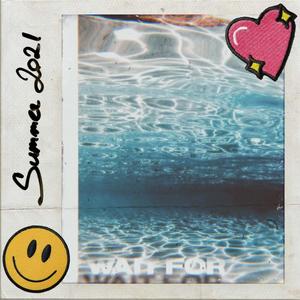 Wait For (feat. Namï Ke)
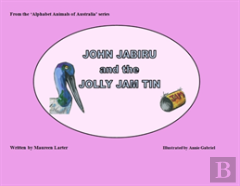John Jabiru And The Jolly Jam Tin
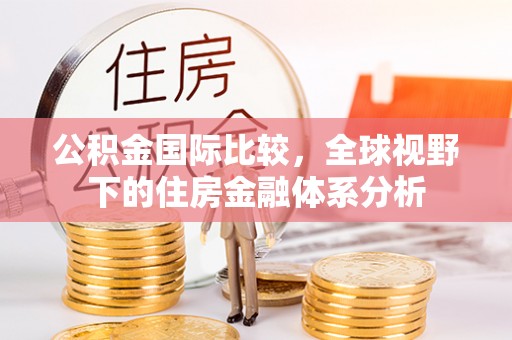 博兴公积金国际比较，全球视野下的住房金融体系分析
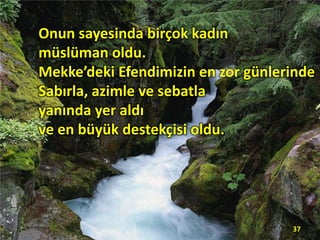 Onun sayesinda birçok kadın
müslüman oldu.
Mekke’deki Efendimizin en zor günlerinde
Sabırla, azimle ve sebatla
yanında yer aldı
ve en büyük destekçisi oldu.
37
 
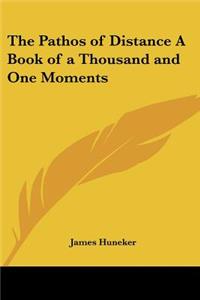 Pathos of Distance A Book of a Thousand and One Moments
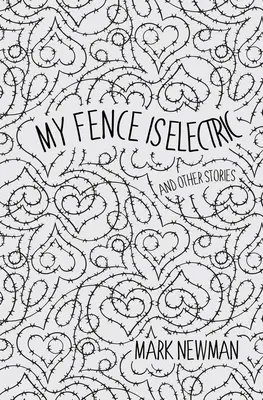 Můj plot je elektrický: a jiné příběhy - My Fence is Electric: and Other Stories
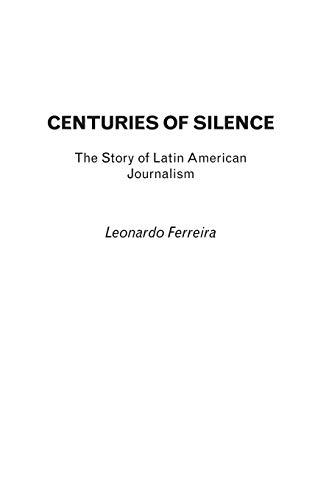 Centuries of Silence: The Story of Latin American Journalism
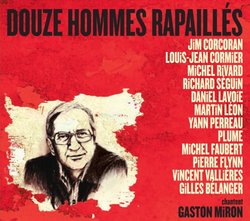 12 Hommes Rapailles Chantent Gaston Miron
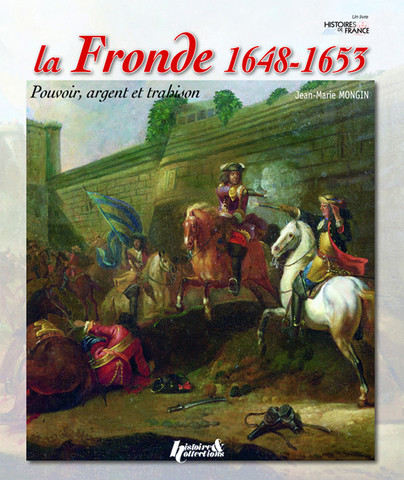 La Fronde 1648-1653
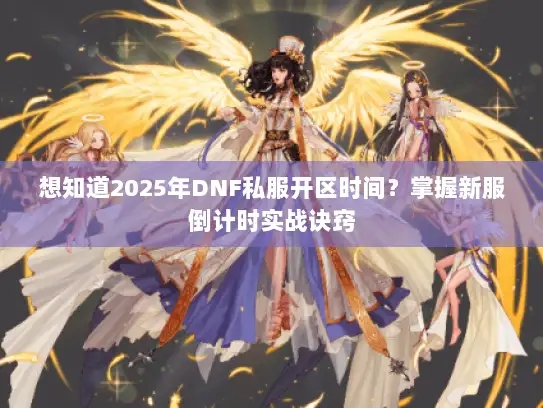 想知道2025年DNF私服开区时间?掌握新服倒计时实战诀窍 想知道2025年DNF私服开区时间?掌握新服倒计时实战诀窍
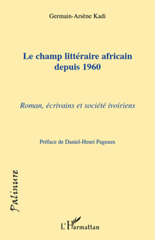 E-book, Le champ littéraire africain depuis 1960 : roman, écrivains et société ivoiriens, Kadi, Germain-Arsène, L'Harmattan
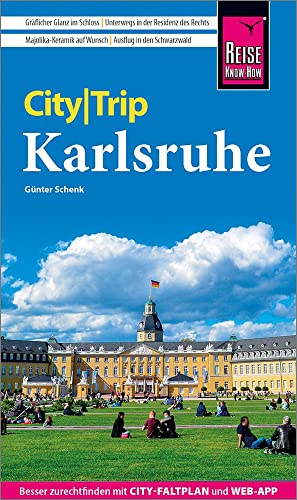 Reise Know-How CityTrip Karlsruhe: Reiseführer mit Stadtplan und kostenloser Web-App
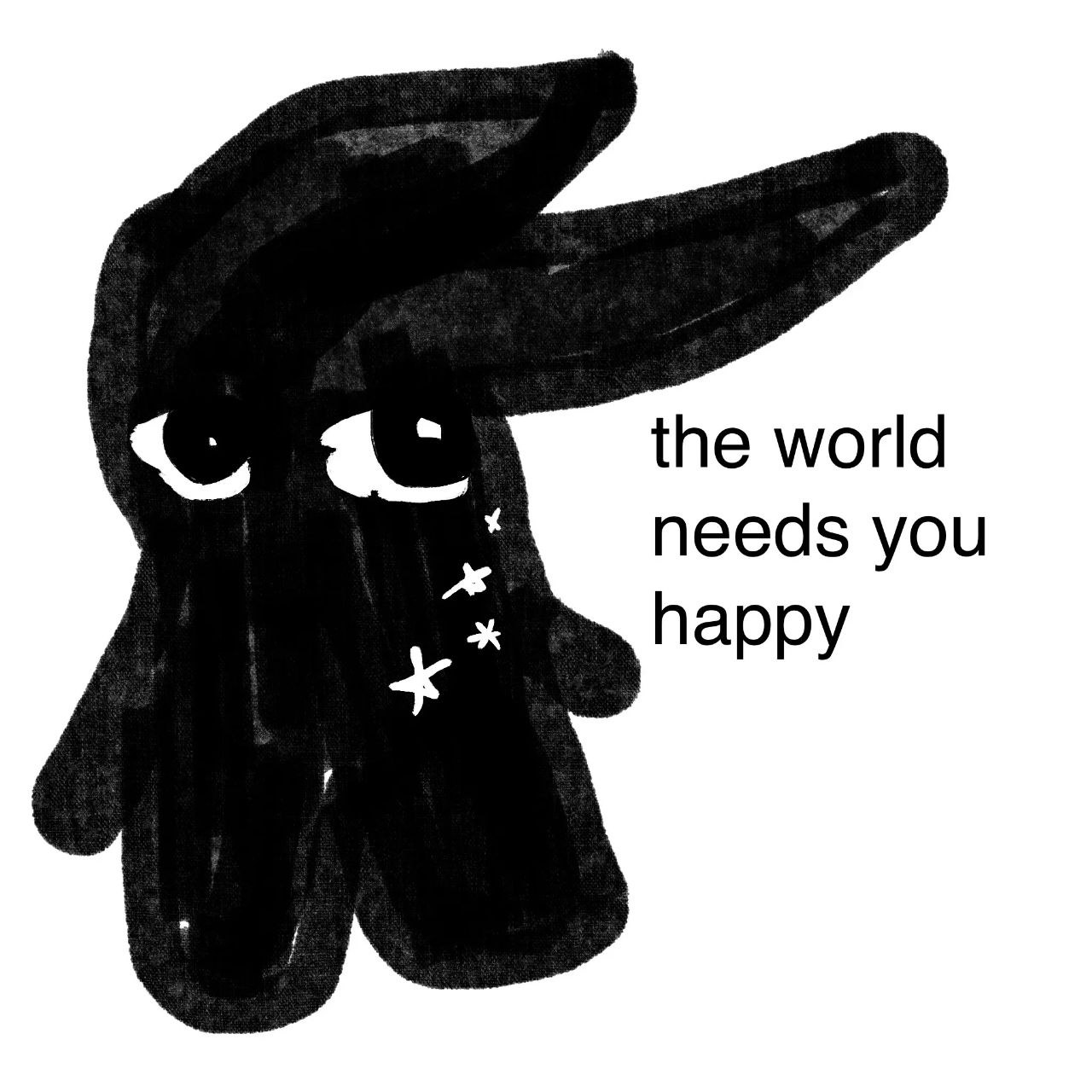 the world needs you happy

**Work to complete**
Work from the entries above. Set down exactly and only the lines from the line with "Onun sayesinda birçok kadın" to the line with "Pathos of Distance", both included, and leave the pictures out.

**Problem solution**
 Onun sayesinda birçok kadın
müslüman oldu.
Mekke’deki Efendimizin en zor günlerinde
Sabırla, azimle ve sebatla
yanında yer aldı
ve en büyük destekçisi oldu.
37
 
 Pathos of Distance A Book of a Thousand and One Moments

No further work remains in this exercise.